AzequiaMPI is a thread-based full implementation of the Message Passing Interface (MPI-1) standard. It is being built through the knowledge gained in the study of the code and design of MPICH2, Open MPI and other implementations, like TOMPI, TMPI, MPC-MPI, and several more. The most inportant characteristic of the implementation is that built every MPI node as a thread, and not as an operating system process.

AzequiaMPI has three main layers:

  • The kernel, called IDSP or Azequia, provides point to point communication and RPC-based group and thread management. Implements two versions, a BLK kernel implementing a concurrency model based on POSIX 1003.1c threads primitives, and a LFQ kernel, implementing synchronization through non-blocking lock-free structures. The kernel can be used directly from applications, avoiding MPI interface.
  • INET, or Network Interface, that implements network facilities. It is under development, based on the study and experiences with the Open MPI BTLs. Our goal is provide TCP/IP and Infiniband facilities.
  • MPI Interface, upon two layers above, provides MPI semantics to applications.

AzequiaMPI layers design

AzequiaMPI uses other tools:

  • Process Manager Interface (from MPICH2) through MPD (Multi-Purpouse Daemon). It is used for launching applications in cluster environments.
  • HWLOC (HardWare Locality) from Open MPI project. It is used for binding threads to processors.
  • Etc.


Design model

AzequiaMPI implements an MPI endpoint as a thread, launching a container process in each shared memory machine. Figure shows current implementation models of MPI (P is process with a rank, T is a process with a rank and th is a thread without MPI weight).

Process-based MPI

Process-based MPI

Hybrid model

Hybrid model

Thread-based MPI

Thread-based MPI

Current work

1. Improving several aspects of the implementation:

  • Collective operations
  • Static Variables issues through pre-compiling and other techniques
  • Datatype and packing in shared memory thread communication
  • Adding MPI-2 features supported by threads (e.g. One Sided Communication)
  • Profiling tools

2. Adding network (TCP/IP and Infiniband) support to the implementation.

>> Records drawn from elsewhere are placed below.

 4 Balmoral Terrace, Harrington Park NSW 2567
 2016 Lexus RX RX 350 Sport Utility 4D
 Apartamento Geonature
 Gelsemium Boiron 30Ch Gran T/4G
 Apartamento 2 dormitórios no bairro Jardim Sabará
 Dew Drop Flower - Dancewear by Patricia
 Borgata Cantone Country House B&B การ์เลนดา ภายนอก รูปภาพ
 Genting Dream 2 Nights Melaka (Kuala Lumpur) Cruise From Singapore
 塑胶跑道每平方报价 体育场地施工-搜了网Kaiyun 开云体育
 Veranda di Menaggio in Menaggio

3. AzequiaMPI is now being ported to a TCP/IP FPGA cluster on top of hardware cores PowerPC.


AzequiaMPI runs on different platforms:

  1. Linux based clusters.
  2. Heterogeneous DSPs/FPGAs multicomputers from Sundance company.
  3. Xilkernel/Petalinux operating systems on top of Microblaze software processor in Xilinx FPGAs.
  4. Texas Instruments C6000 DSPs on top of DSP/BIOS. For implementing Pthread semantic upon DSP/BIOS semaphores we developed OSI (Operating System Interface).

>You can get latest versions from the download section.

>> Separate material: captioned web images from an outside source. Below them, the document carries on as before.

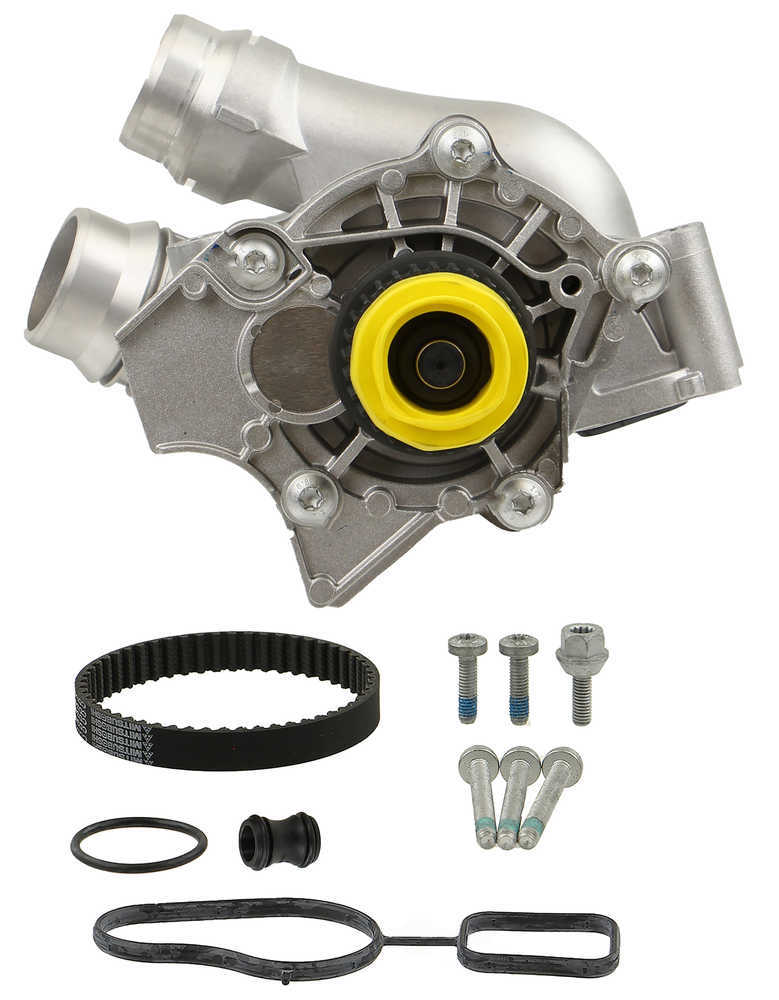 CRP/REIN - Engine Water Pump - CPD WPU0016
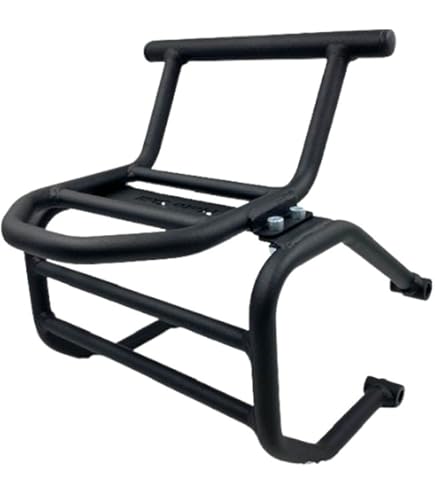 CT125ハンターカブ（JA65） 用　HONDA純正フロントキャリア　未使用 ホンダ ホンダ純正 H2C CT125 JA55 JA65 ハンターカブ トップ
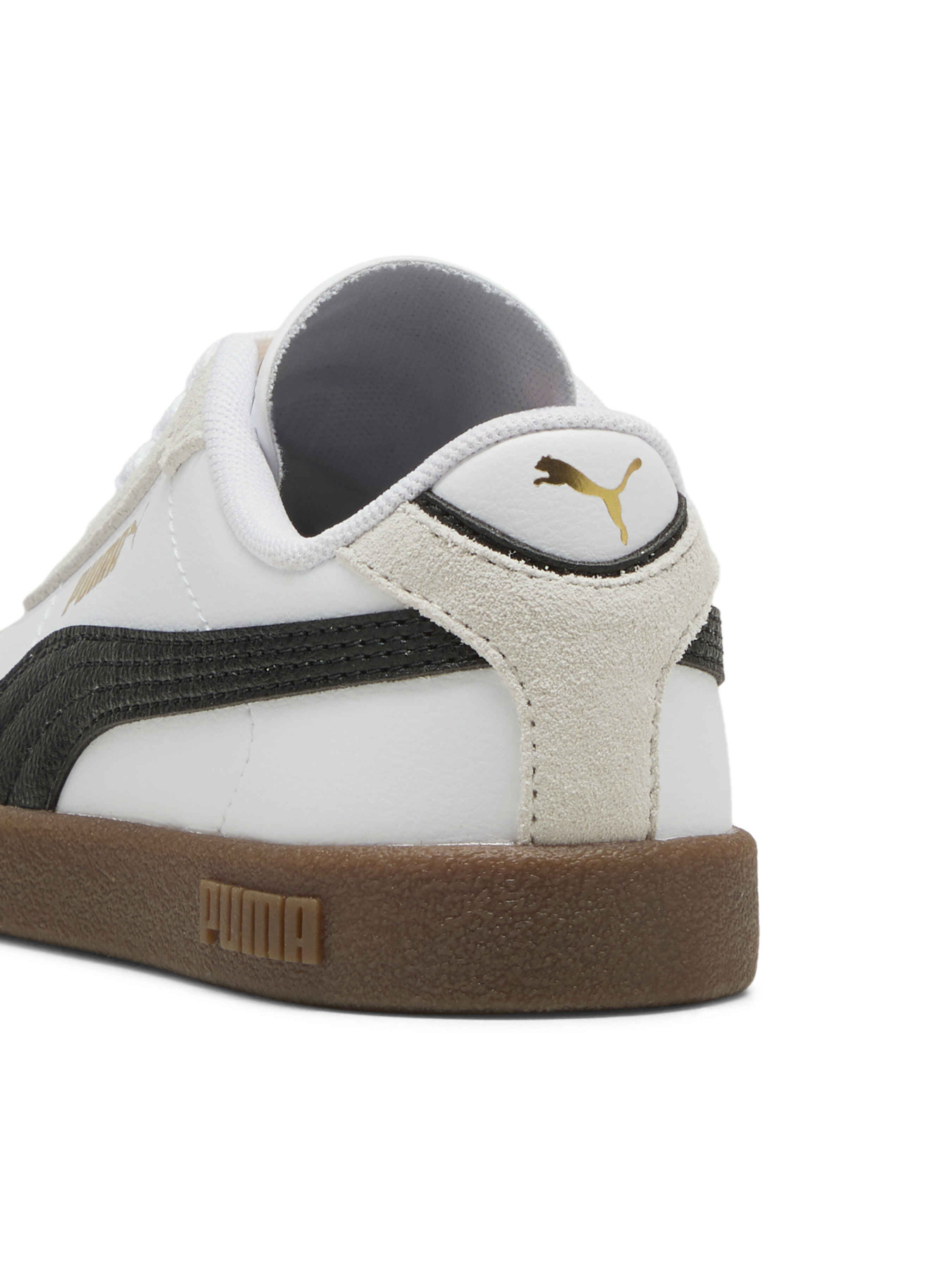 Кеди PUMA Club Ii Era Ps модель 402363 Кеди PUMA Club Ii Era Ps модель 402363 Фото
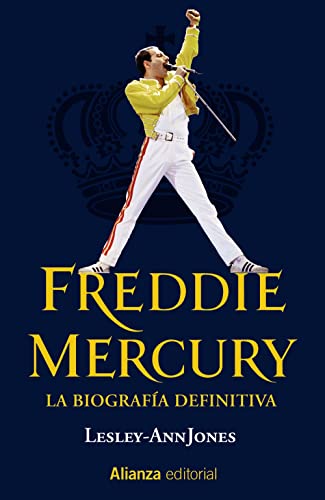 9788413622637: Freddie Mercury: La biografa definitiva (13/20)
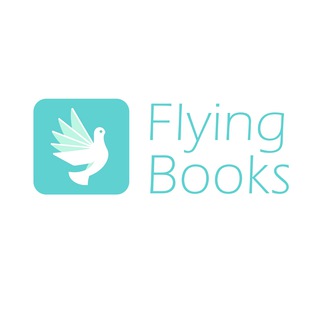 Flying books 📚 (Fergana)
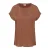 Damesblouse met lange mouwen KAFFE Curve Milia Wing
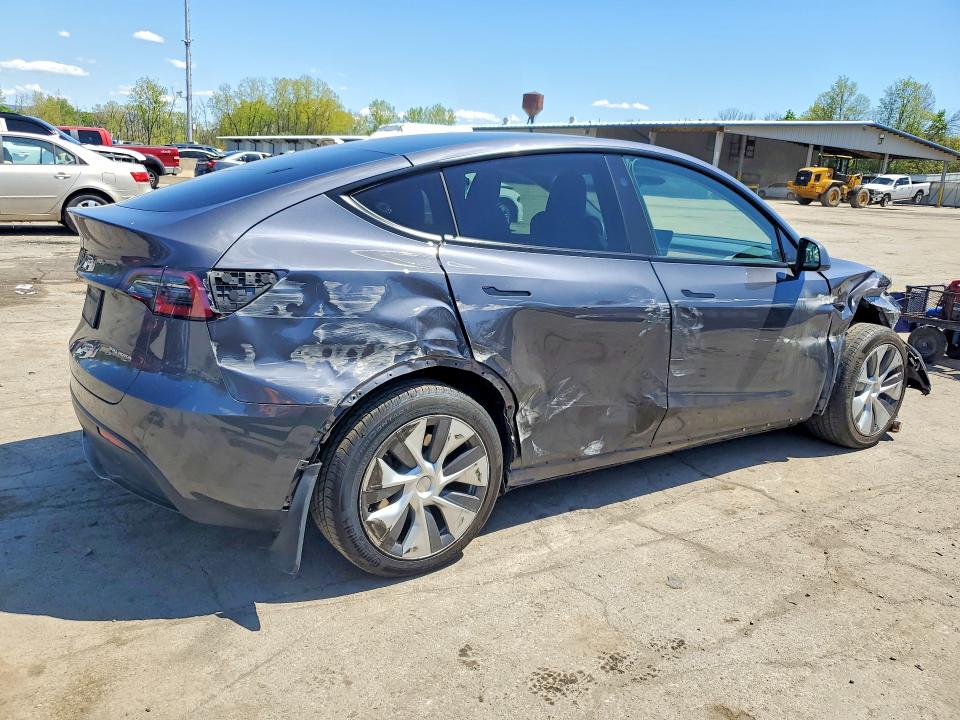 Aukcja sprzedaży 2023 Tesla Model Y, vin: 7SAYGDEE5PF894909, numer aukcji: 52181196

AzequiaMPI performance has been compared to other implementations, process and thread based. Latency and bandwidth in shared memory take advance of thread common address space. A set of figures are presented below, showing snapshots of the development.

Microbenchmarks performance

July 2011. We are studying one-copy mechanisms for communicating processes in shared memory multicore computers, and algorithms from some implementations, in an Intel Nehalem dual socket quad-core E5620 (shared memory) with 12 MBytes cache size. We explore SMARTMAT, LiMIC2, and KNEM under Open MPI and MPICH2, as well as other thread based implementations like MPC-MPI.

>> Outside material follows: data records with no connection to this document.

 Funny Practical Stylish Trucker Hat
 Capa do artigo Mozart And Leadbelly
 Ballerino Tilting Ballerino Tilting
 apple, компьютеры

Figures show results from initial research in latency and bandwidth for point to point communication and some collectives with one-to-all and all-to-one patterns. Note that we use binding for ranks to processors in round robin (rank i to core i, not SMT), collectives are executed with 8 ranks. Note as well different color order in figures:

Netpipe pingpong latency Netpipe pingpong bandwidth
IMB broadcast latency IMB broadcast bandwidth
IMB Reduce bandwidth IMB Gather bandwidth

We are working in designing and implementation of new algorithm for taking advance of thread in shared memory for collective communication.

Euroben Matrix Product Performance

July 2011. Next figures show Euroben benchmark performance measurements. Euroben benchmark does a matrix product using different communication mechanisms provided by MPI. Benchmark gives some weight to communication time, so expect an improvement for implementations of MPI with higher communication performance.

All tests are run with 8 ranks in a Intel Nehalem (E5620) two-socket quad-core machine, with 12 MB of L3 cache. All ranks are bind to processors (rank i to processor i without SMT).

Next figures shows a matrix product using standard communication (MPI_Send/MPI_Recv) of data between tasks. Also relative performance compared to AzequiaMPI is showed. X-axis shows the square matrix side size. A table with bytes sended for each matrix side size is provided.

Side Size Bytes Size
16 256 B
32 1 KB
64 4 KB
128 16 KB
256 64 KB
512 256 KB
1024 1 MB
2048 4 MB
4096 16 MB
Euroben !D Matrix Product (standard) Euroben 1D Matrix Multiplication (standard) Relative

Next figures shows a matrix product where data between tasks is communicated by MPI broadcast collective operation. Relative performance compared to AzequiaMPI is showed as well. All parameters are the same as figures above.

Euroben !D Matrix Product (broadcast) Euroben 1D Matrix Multiplication (broadcast) Relative

HPL and NAS benchmarks performance

July 2011. Next figures show realistic performance measurements through High Perfomance Linpack (HPL) and NAS Parallel Benchmarks (NPB). Low communication weight in these benchmarks result in no virtual differences between implementations.

Both benchmarks are run in an Intel Nehalem dual-socket quad-core machine (E5620) with 12 MB of L3 cache. 8 tasks run with binding of tasks to processors (rank i to processor i without SMT).

Althought we choose NPB SP multizone benchmark, flat MPI is used, with 8 ranks and no OpenMP threads.

HPL run with following parameters: N=20.000, NB=16, PxQ=2x4 and 1-ring broadcast.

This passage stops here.